|Reviews for I Wanted|
| Anil Pheonix chapter 1 . 2/20/2010
not bad but a bit repetitive, _ add more!
| anatagasuki chapter 1 . 5/3/2008
Sad. Lovin it. I think I watched the series when I was, err...five. I already forgot. I only remebered Tamahome, Miaka and Hotohori. I only remebered that they have a love triangle, forgot everything else. Ha, ha, ha. Still, I loved this because I need not to know anything, I just needed to read the fic.
| Nomen Ist Omen chapter 1 . 10/29/2006
Quite good, even though it could require some minor grammar , that is all. It is definitely not crap nor badly written.
In spite of the shortness, it is quite thought-provoking and IC.
You have captured Hotohori's feelings quite well, I believe. The simplicity of the ficlet renders the meaning, emotions behind it even more powerful...The writing itself is beautiful; I really like how you worded some thoughts. You have got potential and that is why I heartily encourage you to continue writing, whether it is something original or fanfic.

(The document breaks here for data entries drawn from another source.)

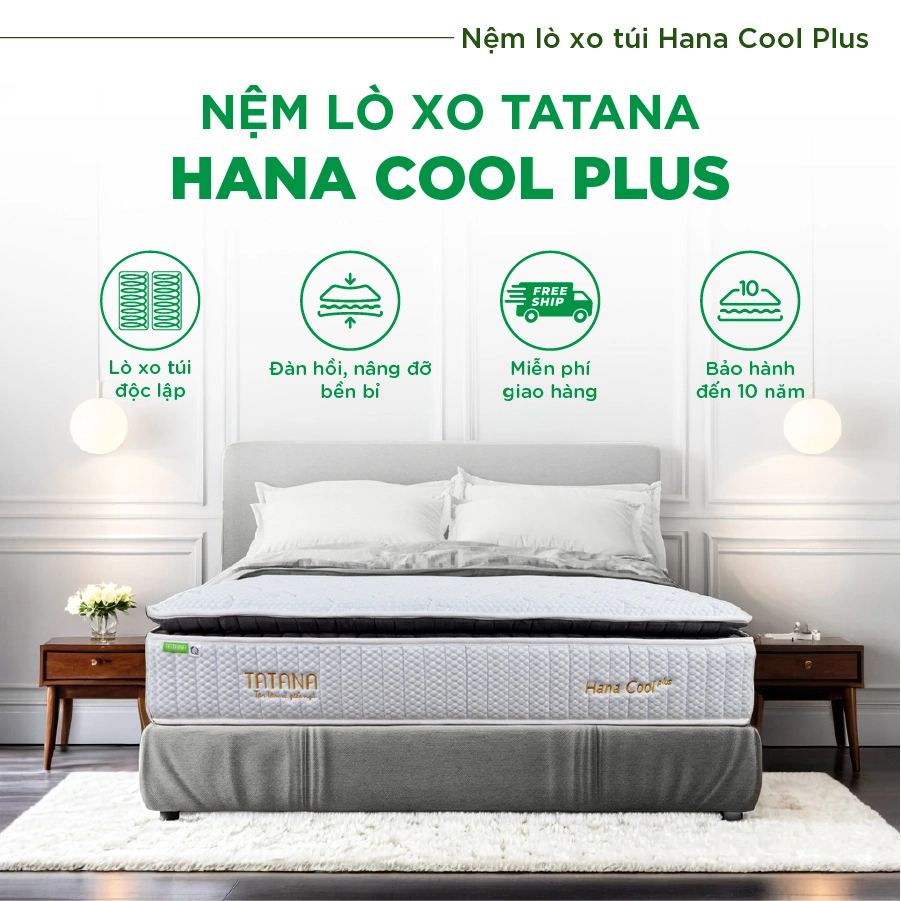 Nệm lò xo túi TATANA Hana Cool Plus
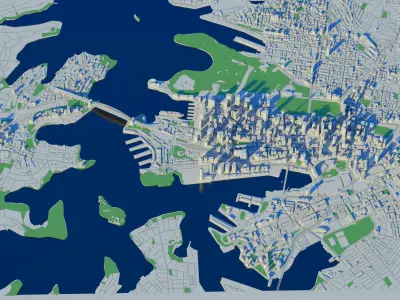 Sydney 3D City 3D model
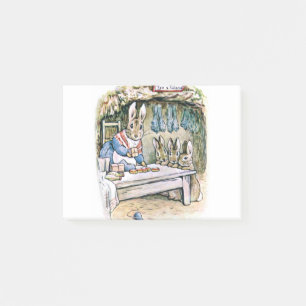 Mrs Rabbit, Flopsy Mopsy and Cottontail Post-it Notes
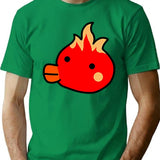 Hinotamatchi T-Shirt for Men & Women, T-Shirts Graphic Tee - Green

| skrblr chapter 1 . 10/25/2006
All right! I've really never heard of the anime you're writing about (what's it about? Is it any good? Where to find it? Would you call it PG? PG-13?), but I can give you basic English critique. First off, it was actually quite good. I definitely came off with a sad sort of impression. A couple grammar corrections could make it even better, but you really did do a fine job. Second paragraph, third sentence: a little awkward. But that was the only really major thing that jarred the inherent beauty of the writing. Otherwise, it was lovely! I guess it might help if I knew what you were talking about, but there were enough context clues to get the point across. Wonderful work!